SFGate
This is an image of a magnetometer or metal detector, typically used in airports. (SFGate)

The fatal shooting of a 15-year-old girl and several other shootings this summer prompted Patricia Ciccone, superintendent of the technical high school system, to take steps to improve safety. Ciccone is partnering with Bridgeport schools to install metal detectors and implement other provisions to prevent any more deaths.

“The whole city is trying to respond the best they can to all of this really unfortunate violence and the deaths of a lot of young people this summer,” Ciccone said last week during a phone interview.

Bullard-Havens Technical High School is one of the Bridgeport schools that is newly equipped with metal detectors. The equipment seems to be getting the approval of many.

“I am hearing that both parents and students are very grateful that the school has undertaken these extra measures of security,” Ciccone said.

Ciccone has spoken to people who want to implement these new security measures in more Bridgeport schools.

“We, in accordance to with recommendations for the local authorities and the Bridgeport school district, put in four metal detectors,” Ciccone told the state Board of Education last week. “Students are now accustomed to coming in through the doors.
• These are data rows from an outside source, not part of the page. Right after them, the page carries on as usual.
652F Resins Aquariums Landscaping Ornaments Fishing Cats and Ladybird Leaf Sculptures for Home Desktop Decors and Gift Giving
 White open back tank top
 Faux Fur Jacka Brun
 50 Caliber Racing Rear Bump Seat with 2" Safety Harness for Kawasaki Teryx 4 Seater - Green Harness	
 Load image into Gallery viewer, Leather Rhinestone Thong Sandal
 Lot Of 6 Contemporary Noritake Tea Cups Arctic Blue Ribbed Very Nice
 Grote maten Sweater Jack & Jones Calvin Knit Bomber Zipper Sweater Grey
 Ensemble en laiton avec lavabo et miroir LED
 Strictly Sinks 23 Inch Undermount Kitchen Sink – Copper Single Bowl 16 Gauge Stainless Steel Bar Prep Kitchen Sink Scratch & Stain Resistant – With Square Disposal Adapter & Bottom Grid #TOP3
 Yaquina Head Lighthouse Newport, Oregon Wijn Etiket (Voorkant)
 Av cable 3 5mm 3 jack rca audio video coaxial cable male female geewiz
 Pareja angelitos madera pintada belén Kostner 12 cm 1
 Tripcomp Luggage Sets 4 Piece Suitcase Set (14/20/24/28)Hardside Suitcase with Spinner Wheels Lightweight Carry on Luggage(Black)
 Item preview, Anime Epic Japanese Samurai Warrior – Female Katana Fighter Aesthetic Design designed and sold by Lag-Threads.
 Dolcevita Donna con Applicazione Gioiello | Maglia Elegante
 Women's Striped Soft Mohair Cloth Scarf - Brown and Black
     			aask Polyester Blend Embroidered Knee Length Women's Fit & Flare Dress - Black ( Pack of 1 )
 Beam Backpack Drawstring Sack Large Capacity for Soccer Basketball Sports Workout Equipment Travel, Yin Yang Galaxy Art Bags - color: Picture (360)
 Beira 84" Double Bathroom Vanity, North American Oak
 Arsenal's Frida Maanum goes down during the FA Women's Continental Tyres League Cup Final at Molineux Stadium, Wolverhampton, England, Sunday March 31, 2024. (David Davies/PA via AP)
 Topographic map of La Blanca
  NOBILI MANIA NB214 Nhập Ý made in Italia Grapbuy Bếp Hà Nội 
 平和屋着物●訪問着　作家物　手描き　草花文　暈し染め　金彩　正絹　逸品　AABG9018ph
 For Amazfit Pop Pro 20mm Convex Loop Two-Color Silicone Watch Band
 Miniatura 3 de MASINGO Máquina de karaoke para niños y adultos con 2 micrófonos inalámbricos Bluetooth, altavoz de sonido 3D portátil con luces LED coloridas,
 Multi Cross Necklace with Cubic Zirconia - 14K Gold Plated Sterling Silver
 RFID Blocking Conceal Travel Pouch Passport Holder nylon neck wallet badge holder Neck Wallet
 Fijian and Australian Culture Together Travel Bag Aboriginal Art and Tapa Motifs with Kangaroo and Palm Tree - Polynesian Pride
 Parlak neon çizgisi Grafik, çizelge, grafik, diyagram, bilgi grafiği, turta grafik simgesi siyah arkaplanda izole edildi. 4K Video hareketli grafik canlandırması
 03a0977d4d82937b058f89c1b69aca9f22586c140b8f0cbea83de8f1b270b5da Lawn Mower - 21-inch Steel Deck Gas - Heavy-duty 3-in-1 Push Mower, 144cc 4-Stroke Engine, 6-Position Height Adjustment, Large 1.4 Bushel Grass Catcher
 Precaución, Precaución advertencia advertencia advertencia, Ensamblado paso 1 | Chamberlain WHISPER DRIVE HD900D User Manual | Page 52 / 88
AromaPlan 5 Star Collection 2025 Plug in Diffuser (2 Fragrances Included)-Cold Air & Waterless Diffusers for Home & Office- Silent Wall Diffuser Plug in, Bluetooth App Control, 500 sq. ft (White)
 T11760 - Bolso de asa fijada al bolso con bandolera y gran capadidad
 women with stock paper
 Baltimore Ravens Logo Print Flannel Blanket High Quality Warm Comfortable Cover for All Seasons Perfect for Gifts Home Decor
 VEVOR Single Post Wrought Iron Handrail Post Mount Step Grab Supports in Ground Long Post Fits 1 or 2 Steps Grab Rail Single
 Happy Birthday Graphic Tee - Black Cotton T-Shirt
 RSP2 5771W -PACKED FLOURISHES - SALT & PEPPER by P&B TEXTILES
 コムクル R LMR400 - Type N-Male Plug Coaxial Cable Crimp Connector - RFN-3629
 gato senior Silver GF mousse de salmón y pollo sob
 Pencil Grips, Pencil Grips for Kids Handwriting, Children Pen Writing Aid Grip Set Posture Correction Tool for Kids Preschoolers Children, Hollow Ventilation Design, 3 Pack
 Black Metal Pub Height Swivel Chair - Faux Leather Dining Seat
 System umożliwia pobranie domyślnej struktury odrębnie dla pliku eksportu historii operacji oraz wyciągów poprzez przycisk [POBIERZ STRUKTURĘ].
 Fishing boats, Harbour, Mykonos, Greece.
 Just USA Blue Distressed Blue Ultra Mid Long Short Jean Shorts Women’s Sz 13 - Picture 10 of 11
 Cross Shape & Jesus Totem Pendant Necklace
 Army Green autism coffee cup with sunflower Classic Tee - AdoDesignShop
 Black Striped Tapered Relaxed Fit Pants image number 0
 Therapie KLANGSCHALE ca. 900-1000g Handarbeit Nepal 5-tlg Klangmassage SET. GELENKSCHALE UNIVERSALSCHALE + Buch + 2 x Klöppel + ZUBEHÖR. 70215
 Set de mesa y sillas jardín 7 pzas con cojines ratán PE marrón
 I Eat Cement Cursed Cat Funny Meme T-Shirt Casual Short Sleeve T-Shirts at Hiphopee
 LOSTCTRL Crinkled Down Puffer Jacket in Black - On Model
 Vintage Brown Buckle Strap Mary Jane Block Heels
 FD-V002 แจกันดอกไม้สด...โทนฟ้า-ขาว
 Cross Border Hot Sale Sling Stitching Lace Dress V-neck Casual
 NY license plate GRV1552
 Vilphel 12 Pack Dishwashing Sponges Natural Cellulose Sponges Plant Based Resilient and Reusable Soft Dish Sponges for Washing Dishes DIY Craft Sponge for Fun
Ninth and 10th grade through one area and 11th and 12th through another.”

In addition to Bullard-Havens, Warren Harding High School, a public high school with a population of about 1,545 students, also has a metal detector and it’s the school Ciccone consulted when she decided to implement them in her school.

In 2009, Bullard-Havens had 886 students and a reported 141 incidents; Harding reported 1,508 incidents, according to the Connecticut State Department of Education’s most recent data. These incidents ranged from possession of drugs and weapons to fighting, battery, property damage, and verbal confrontations.

It’s unclear how many schools in Connecticut have metal detectors since it’s not something any organization, including the state Education Department, tracks.

Vincent Mustaro, a staff member at the Connecticut Association of Boards of Education, said that metal detectors come under the legal procedure of search and seizure.

“A school needs justifiable reasoning for implementing them such as a pattern of weapons,” Mustaro said.

But with Bridgeport’s death toll at 17 since the start of the year, according to Bridgeport police, the reasoning is in the statistics.

As well as undergoing search and seizure, students at Bullard-Havens must adhere to a revised dress code which prohibits gang fashions. Students also may encounter a drug-sniffing dog as stated in the 2012-2013 Connecticut Technical High School system student/parent handbook. This procedure is to prevent the use or sale of drugs on school grounds, according to the handbook.

A curfew also was put into effect May 30 by Bridgeport Mayor Bill Finch. Minors must be home between 11 p.m. and 6 a.m. Sunday through Thursdays and are allowed to be out until midnight on Fridays and Saturdays. Parents can be fined up to $90 if their children are out past those hours.

Since the start of 2012-13 school year, Ciccone says she hasn’t heard of any weapons being seized from students.

Last week she told the state Board of Education about the new installations and policies.

“A tremendous amount of work was done over the summer,” Ciccone said. “We pulled a tremendous effort to beef up security: Re-keying and locks and doors being inspected. Cameras were installed throughout the building and the outside; video surveillance is now possible.”